(Web page caption snippets)
++++++
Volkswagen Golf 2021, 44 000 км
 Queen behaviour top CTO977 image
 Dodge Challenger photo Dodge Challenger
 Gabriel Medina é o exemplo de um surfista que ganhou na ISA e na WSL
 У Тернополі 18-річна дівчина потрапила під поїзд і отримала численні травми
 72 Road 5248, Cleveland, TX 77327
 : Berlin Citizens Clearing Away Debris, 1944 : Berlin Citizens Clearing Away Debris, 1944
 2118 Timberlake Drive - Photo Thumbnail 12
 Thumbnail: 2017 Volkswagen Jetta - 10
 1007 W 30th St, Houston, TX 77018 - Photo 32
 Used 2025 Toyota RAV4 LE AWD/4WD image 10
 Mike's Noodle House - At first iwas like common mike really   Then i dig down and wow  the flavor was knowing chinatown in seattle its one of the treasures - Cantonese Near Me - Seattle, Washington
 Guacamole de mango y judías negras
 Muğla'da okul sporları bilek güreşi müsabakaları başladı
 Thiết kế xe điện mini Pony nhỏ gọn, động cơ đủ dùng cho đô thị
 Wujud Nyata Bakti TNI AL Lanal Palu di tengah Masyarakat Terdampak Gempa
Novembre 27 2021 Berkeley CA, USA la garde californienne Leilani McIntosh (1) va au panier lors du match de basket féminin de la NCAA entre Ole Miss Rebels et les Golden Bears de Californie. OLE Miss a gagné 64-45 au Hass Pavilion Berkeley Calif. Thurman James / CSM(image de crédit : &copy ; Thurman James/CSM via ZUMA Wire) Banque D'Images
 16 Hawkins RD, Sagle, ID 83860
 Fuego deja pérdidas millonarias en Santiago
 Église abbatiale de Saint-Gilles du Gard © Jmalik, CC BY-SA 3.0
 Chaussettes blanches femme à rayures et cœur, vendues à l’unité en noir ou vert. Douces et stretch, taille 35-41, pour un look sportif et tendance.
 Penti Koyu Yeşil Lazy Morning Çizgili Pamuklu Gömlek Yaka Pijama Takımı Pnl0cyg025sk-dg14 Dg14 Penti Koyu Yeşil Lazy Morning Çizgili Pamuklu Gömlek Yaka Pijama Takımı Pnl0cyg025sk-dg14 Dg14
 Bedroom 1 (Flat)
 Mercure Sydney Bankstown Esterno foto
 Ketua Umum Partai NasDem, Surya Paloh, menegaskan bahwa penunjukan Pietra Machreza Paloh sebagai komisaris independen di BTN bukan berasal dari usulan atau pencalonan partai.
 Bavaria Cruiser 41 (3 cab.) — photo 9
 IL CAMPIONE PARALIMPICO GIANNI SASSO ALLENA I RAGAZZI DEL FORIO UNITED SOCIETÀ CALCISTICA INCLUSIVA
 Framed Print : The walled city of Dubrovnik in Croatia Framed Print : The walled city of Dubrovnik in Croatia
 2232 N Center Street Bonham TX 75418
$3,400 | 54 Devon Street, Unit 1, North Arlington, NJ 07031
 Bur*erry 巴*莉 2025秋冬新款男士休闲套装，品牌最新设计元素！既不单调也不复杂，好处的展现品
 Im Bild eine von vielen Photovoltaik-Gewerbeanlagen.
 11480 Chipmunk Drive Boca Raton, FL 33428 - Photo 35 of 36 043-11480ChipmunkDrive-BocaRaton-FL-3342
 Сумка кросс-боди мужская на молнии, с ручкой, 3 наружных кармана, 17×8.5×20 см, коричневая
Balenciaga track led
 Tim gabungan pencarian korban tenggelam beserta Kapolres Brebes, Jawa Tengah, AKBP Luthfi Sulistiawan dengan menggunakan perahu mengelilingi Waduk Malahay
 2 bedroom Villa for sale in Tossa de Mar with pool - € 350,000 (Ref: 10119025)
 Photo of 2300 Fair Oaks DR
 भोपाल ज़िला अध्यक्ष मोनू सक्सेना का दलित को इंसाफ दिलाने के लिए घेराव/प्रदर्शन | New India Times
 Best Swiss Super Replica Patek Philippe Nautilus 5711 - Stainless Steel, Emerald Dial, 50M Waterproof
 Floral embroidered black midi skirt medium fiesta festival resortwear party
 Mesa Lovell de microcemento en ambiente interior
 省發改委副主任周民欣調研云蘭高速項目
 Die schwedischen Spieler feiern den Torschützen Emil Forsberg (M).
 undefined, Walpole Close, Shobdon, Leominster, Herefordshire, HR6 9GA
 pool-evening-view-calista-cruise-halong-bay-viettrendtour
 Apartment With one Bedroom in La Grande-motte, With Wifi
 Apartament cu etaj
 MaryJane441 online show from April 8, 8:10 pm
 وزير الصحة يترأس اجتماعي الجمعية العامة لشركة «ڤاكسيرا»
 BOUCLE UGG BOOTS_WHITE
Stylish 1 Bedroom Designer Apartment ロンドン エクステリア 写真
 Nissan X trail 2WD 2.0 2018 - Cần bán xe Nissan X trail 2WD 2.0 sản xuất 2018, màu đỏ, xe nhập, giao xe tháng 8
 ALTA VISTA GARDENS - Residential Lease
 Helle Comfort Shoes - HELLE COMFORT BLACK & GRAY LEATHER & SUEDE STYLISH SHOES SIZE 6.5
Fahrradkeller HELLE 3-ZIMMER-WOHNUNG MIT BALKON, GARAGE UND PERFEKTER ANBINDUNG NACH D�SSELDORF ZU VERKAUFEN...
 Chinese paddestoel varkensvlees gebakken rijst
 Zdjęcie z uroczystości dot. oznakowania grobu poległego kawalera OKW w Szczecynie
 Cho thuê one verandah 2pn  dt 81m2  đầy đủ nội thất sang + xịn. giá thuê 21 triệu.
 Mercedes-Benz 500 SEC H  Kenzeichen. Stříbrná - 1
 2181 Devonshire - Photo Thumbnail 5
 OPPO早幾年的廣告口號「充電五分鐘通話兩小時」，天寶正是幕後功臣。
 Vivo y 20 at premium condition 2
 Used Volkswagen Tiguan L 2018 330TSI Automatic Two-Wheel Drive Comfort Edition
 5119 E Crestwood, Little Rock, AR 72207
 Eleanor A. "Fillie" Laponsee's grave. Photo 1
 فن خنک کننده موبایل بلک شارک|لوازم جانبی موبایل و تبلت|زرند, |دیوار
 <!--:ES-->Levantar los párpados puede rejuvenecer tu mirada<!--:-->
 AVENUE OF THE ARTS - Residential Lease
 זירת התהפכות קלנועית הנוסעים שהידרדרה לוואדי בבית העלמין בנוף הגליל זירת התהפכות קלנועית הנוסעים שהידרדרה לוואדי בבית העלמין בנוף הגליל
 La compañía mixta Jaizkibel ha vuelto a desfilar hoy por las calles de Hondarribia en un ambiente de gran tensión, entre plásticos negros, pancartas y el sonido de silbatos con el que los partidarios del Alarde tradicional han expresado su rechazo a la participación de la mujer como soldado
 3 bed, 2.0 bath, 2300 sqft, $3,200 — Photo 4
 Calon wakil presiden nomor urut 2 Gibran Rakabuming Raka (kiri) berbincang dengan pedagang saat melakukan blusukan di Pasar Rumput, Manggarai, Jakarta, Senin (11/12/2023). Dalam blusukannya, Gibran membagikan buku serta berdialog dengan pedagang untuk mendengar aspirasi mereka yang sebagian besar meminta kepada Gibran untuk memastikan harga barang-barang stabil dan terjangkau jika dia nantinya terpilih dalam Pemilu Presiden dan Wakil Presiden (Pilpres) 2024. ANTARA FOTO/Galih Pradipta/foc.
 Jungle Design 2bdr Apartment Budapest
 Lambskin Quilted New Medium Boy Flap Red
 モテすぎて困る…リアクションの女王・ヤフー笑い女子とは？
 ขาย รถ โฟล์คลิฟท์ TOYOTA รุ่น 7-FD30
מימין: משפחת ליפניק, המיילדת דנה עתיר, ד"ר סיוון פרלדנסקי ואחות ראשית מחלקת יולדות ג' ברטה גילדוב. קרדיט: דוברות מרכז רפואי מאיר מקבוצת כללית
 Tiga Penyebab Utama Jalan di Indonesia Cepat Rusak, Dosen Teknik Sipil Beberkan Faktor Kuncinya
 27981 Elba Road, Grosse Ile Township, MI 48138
++++++
(INSTRUCTIONS TO FOLLOW) The expected answer is an exact copy of the lines above, beginning at the line with "Apartment With one" and ending at the line with "Helle Comfort Shoes", with both ends in.

(SOLVED EXERCISE)
 Apartment With one Bedroom in La Grande-motte, With Wifi
 Apartament cu etaj
 MaryJane441 online show from April 8, 8:10 pm
 وزير الصحة يترأس اجتماعي الجمعية العامة لشركة «ڤاكسيرا»
 BOUCLE UGG BOOTS_WHITE
Stylish 1 Bedroom Designer Apartment ロンドン エクステリア 写真
 Nissan X trail 2WD 2.0 2018 - Cần bán xe Nissan X trail 2WD 2.0 sản xuất 2018, màu đỏ, xe nhập, giao xe tháng 8
 ALTA VISTA GARDENS - Residential Lease
 Helle Comfort Shoes - HELLE COMFORT BLACK & GRAY LEATHER & SUEDE STYLISH SHOES SIZE 6.5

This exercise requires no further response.